> _Task directions_
With pictures left out, output exactly the lines of the listing below from the line that has "Sculptural Glossy Ceramic Pot" to the line that has "Lote 8 Novillitos", both lines kept.

> _Given data_

----

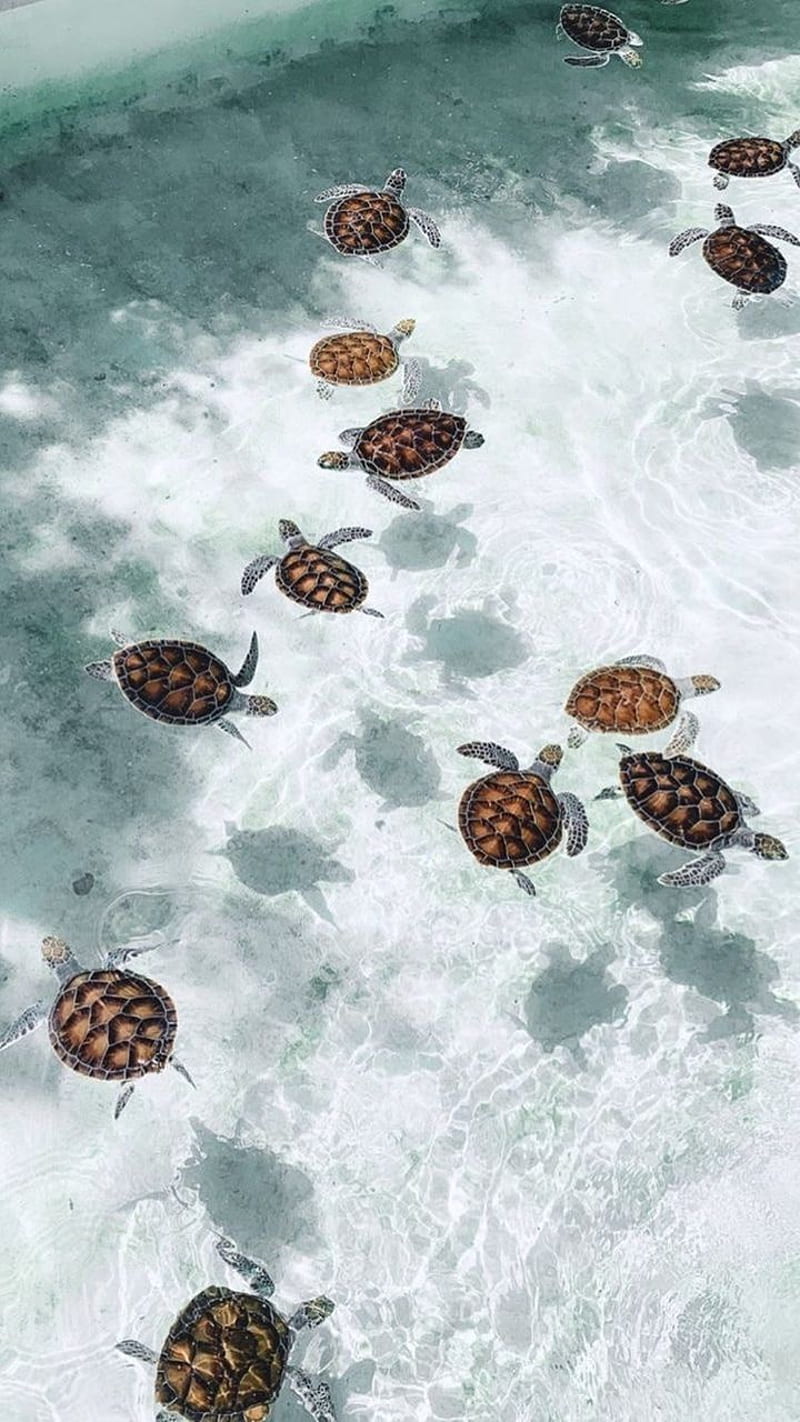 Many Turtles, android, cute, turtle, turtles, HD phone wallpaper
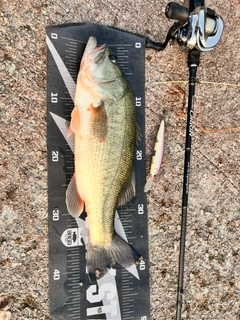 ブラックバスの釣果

----

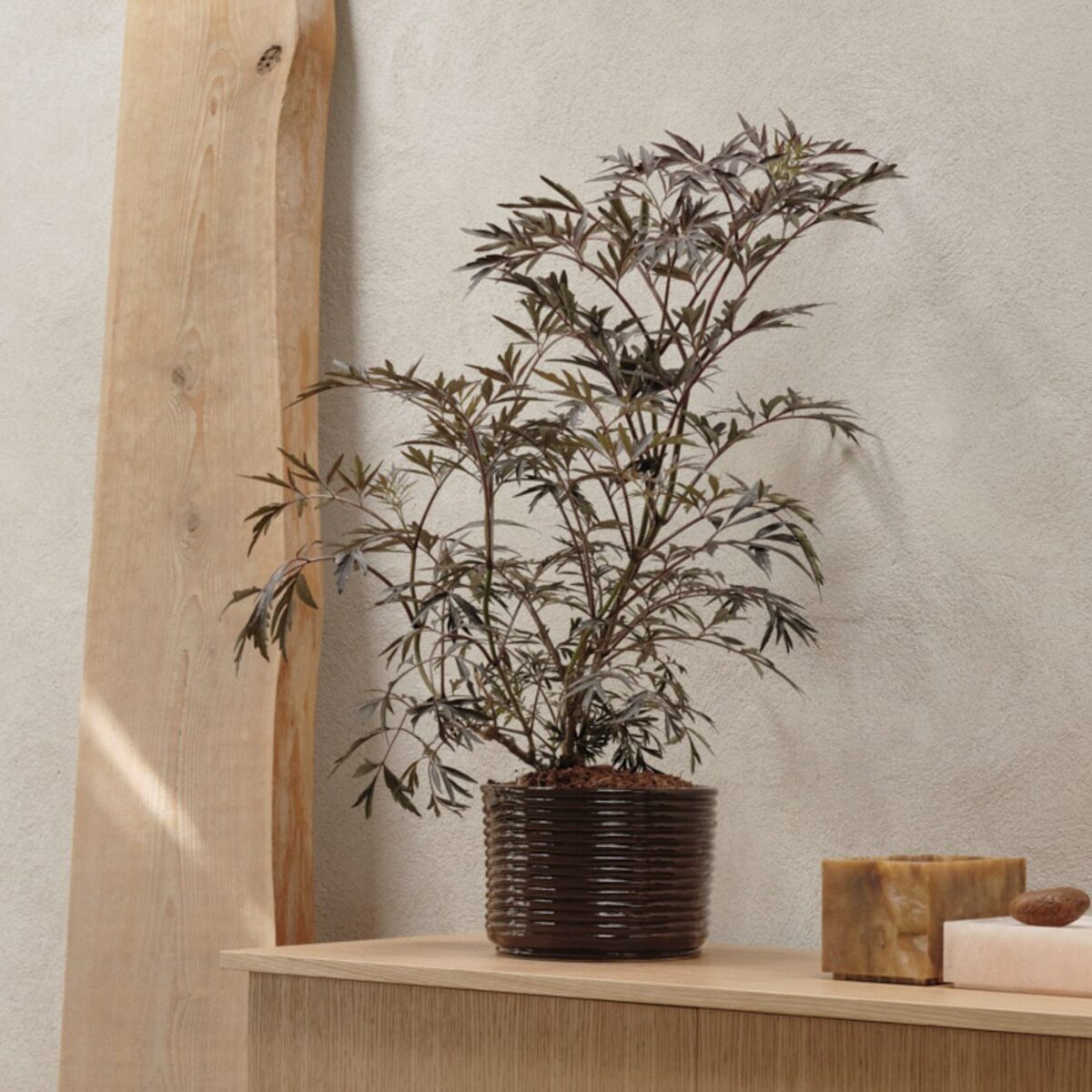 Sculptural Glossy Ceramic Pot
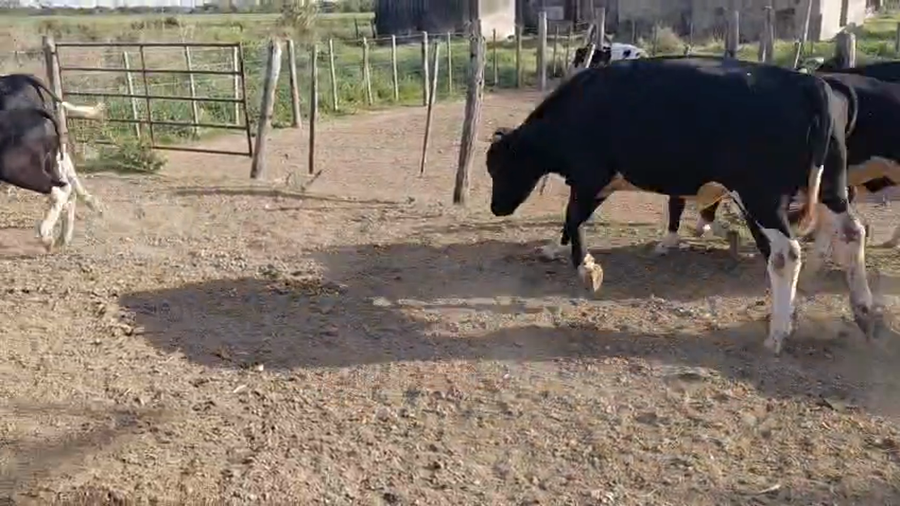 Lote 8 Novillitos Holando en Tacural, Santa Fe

----

> _Solution for this problem_
 Sculptural Glossy Ceramic Pot
 Lote 8 Novillitos Holando en Tacural, Santa Fe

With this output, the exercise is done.